There are several instances of (2), namely the case where the variance of a UMVU estimator exceeds the Cramer-Rao lower bound. Here are some common examples:
- Estimation of $e^{-\theta}$ when $X_1,\ldots,X_n$ are i.i.d $\mathsf{Poisson}(\theta)$:
Consider the case $n=1$ separately. Here we are to estimate the parametric function $e^{-\theta}=\delta$ (say) based on $X\sim\mathsf{Poisson}(\theta) $.
Suppose $T(X)$ is unbiased for $\delta$.
Therefore, $$E_{\theta}[T(X)]=\delta\quad,\forall\,\theta$$
Or, $$\sum_{j=0}^\infty T(j)\frac{\delta(\ln (\frac{1}{\delta}))^j}{j!}=\delta\quad,\forall\,\theta$$
That is, $$T(0)\delta+T(1)\delta\cdot\ln\left(\frac{1}{\delta}\right)+\cdots=\delta\quad,\forall\,\theta$$
So we have the unique unbiased estimator (hence also UMVUE) of $\delta(\theta)$:
$$T(X)=\begin{cases}1&,\text{ if }X=0 \\ 0&,\text{ otherwise }\end{cases}$$
Clearly,
\begin{align}
\operatorname{Var}_{\theta}(T(X))&=P_{\theta}(X=0)(1-P_{\theta}(X=0))
\\&=e^{-\theta}(1-e^{-\theta})
\end{align}
The Cramer-Rao bound for $\delta$ is $$\text{CRLB}(\delta)=\frac{\left(\frac{d}{d\theta}\delta(\theta)\right)^2}{I(\theta)}\,,$$
where $I(\theta)=E_{\theta}\left[\frac{\partial}{\partial\theta}\ln f_{\theta}(X)\right]^2=\frac1{\theta}$ is the Fisher information, $f_{\theta}$ being the pmf of $X$.
This eventually reduces to $$\text{CRLB}(\delta)=\theta e^{-2\theta}$$
Now take the ratio of variance of $T$ and the Cramer-Rao bound:
\begin{align}
\frac{\operatorname{Var}_{\theta}(T(X))}{\text{CRLB}(\delta)}&=\frac{e^{-\theta}(1-e^{-\theta})}{\theta e^{-2\theta}}
\\&=\frac{e^{\theta}-1}{\theta}
\\&=\frac{1}{\theta}\left[\left(1+\theta+\frac{\theta^2}{2}+\cdots\right)-1\right]

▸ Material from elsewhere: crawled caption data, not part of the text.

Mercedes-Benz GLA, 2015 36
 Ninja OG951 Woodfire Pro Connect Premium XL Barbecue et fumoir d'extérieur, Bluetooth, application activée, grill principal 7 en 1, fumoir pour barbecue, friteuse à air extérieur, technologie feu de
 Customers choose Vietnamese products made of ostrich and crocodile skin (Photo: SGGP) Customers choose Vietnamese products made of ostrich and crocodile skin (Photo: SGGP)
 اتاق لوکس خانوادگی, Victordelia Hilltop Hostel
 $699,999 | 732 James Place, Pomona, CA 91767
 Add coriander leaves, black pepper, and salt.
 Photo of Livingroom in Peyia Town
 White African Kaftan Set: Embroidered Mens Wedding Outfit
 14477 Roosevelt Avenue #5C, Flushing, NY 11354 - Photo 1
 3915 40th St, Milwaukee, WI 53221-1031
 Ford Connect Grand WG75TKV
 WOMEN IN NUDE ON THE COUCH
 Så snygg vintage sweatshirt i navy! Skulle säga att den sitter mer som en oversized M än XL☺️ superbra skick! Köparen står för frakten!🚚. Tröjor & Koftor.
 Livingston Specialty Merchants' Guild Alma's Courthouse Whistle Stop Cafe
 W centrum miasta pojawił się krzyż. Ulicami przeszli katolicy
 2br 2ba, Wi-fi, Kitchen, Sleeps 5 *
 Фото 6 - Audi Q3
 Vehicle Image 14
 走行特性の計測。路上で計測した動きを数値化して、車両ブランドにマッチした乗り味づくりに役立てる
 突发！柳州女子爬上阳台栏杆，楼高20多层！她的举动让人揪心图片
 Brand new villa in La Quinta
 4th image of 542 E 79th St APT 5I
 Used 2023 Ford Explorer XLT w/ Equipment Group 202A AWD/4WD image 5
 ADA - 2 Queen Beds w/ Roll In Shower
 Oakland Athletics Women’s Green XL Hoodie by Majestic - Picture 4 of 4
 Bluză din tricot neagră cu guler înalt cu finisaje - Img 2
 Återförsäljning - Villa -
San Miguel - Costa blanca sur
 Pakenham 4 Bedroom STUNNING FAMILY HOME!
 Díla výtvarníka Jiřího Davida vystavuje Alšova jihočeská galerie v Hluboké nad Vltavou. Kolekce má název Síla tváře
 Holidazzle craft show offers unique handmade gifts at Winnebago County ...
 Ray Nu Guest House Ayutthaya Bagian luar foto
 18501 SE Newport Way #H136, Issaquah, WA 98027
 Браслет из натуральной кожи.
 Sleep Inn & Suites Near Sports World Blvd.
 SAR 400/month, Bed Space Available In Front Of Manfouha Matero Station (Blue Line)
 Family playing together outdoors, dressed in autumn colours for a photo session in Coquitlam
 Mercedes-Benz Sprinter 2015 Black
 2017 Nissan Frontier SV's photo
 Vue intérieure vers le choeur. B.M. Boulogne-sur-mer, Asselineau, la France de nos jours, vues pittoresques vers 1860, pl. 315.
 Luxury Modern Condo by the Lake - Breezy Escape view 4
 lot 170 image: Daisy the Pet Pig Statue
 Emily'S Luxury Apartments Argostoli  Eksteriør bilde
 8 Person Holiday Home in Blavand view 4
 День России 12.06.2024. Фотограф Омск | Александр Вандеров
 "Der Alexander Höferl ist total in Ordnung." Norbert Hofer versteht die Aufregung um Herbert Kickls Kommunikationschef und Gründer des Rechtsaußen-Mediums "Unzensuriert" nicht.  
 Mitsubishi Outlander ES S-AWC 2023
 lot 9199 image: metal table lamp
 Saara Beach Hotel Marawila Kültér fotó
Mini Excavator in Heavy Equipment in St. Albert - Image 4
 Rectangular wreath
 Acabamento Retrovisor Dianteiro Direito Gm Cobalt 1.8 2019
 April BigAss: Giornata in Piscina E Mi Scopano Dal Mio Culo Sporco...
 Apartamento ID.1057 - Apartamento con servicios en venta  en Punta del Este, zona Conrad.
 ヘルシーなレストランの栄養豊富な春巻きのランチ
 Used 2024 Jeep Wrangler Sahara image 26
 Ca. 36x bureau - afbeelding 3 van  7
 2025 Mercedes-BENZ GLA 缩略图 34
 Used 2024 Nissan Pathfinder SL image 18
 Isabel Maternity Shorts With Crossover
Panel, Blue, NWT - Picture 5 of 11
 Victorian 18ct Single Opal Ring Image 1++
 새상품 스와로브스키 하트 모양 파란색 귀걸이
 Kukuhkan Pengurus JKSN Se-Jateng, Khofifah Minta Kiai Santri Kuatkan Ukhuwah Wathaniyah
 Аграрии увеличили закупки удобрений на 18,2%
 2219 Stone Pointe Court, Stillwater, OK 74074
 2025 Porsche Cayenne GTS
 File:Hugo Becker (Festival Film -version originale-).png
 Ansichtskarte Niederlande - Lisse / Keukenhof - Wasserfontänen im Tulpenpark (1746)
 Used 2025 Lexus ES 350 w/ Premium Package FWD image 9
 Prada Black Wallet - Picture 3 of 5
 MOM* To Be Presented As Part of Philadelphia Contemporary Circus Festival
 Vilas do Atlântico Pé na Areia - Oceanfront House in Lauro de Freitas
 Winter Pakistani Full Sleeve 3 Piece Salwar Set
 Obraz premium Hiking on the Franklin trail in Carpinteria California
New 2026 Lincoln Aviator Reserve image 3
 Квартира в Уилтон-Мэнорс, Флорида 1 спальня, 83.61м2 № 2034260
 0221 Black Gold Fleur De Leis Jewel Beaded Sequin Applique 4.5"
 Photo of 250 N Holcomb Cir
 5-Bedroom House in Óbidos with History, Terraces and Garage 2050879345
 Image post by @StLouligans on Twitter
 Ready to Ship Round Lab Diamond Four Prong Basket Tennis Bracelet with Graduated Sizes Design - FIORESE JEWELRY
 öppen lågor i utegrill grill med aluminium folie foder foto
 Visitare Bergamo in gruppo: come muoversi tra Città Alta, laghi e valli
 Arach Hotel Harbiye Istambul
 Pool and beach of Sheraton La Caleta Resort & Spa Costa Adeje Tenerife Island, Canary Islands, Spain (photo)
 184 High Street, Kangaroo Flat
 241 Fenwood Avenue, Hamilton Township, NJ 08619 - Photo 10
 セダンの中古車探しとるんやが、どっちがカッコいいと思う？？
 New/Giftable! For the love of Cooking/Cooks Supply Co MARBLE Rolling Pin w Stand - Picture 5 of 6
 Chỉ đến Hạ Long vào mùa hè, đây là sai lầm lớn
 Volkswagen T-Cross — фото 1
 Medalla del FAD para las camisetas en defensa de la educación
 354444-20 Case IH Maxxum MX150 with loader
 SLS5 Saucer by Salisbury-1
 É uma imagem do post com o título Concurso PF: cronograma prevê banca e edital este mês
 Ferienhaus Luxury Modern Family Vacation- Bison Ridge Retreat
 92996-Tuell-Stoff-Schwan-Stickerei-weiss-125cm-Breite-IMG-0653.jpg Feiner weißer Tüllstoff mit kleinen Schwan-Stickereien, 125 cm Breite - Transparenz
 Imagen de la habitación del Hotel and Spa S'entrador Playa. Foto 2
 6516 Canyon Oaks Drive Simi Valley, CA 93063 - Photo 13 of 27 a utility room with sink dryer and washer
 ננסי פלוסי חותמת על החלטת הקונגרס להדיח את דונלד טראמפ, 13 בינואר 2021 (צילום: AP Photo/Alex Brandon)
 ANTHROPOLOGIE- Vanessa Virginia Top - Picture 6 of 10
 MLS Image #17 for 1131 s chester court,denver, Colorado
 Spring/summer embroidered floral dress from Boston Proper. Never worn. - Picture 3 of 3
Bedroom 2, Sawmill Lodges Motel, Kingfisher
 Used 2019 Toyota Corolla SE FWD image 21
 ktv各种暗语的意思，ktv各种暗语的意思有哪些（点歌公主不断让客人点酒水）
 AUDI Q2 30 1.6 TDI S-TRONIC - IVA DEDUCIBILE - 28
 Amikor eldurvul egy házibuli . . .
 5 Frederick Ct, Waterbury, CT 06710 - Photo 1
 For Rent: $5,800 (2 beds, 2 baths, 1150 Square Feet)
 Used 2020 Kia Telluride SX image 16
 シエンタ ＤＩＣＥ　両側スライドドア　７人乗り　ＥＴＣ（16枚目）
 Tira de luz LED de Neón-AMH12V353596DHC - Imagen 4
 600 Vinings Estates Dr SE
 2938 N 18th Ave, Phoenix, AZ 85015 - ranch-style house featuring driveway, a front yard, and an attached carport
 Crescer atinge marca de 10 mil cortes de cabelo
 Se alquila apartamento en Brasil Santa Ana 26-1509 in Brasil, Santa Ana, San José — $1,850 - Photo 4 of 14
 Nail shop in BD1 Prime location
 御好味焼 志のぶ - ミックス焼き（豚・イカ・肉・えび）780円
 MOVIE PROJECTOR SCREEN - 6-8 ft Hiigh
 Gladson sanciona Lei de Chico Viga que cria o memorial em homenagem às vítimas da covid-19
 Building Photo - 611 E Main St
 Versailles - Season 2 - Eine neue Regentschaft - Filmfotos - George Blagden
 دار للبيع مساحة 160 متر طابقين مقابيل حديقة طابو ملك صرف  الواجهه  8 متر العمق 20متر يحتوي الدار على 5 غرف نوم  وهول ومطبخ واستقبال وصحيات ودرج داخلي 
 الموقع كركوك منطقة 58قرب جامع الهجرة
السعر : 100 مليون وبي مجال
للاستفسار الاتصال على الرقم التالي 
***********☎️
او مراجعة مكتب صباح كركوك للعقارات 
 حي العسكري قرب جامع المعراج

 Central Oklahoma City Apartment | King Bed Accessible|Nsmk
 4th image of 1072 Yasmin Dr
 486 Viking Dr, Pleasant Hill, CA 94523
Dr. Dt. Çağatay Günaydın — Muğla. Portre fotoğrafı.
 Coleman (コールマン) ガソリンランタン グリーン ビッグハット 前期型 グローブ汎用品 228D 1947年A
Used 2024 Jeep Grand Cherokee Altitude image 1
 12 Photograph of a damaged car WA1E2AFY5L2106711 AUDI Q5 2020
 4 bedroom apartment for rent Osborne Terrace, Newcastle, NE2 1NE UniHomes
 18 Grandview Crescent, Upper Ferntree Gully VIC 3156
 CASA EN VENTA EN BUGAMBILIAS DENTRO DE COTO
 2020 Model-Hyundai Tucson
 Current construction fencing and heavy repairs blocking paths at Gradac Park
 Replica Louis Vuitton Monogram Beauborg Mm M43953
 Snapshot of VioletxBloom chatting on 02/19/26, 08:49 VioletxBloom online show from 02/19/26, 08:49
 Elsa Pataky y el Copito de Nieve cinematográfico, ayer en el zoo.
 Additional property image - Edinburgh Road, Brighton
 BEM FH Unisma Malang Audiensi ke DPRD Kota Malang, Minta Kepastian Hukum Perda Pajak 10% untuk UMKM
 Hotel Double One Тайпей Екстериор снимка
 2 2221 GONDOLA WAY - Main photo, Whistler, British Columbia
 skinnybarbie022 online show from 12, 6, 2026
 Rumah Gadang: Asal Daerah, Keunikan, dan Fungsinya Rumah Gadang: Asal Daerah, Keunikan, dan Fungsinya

\\&=1+\frac{\theta}{2}+\cdots
\\&>1
\end{align}
With exactly same calculation this conclusion holds here if there is a sample of $n$ observations with $n>1$. In this case the UMVUE of $\delta$ is $\left(1-\frac1n\right)^{\sum_{i=1}^n X_i}$ with variance $e^{-2\theta}(e^{\theta/n}-1)$.
- Estimation of $\theta$ when $X_1,\ldots,X_n$ ( $n>1$) are i.i.d $\mathsf{Exp}$ with mean $1/\theta$:
Here UMVUE of $\theta$ is $\hat\theta=\frac{n-1}{\sum_{i=1}^n X_i}$, as shown here.
Using the Gamma distribution of $\sum\limits_{i=1}^n X_i$, a straightforward calculation shows $$\operatorname{Var}_{\theta}(\hat\theta)=\frac{\theta^2}{n-2}>\frac{\theta^2}{n}=\text{CRLB}(\theta)\quad,\,n>2$$
Since several distributions can be transformed to this exponential distribution, this example in fact generates many more examples.
- Estimation of $\theta^2$ when $X_1,\ldots,X_n$ are i.i.d $N(\theta,1)$:
The UMVUE of $\theta^2$ is $\overline X^2-\frac1n$ where $\overline X$ is sample mean. Among other drawbacks, this estimator can be shown to be not attaining the lower bound. See page 4 of this note for details.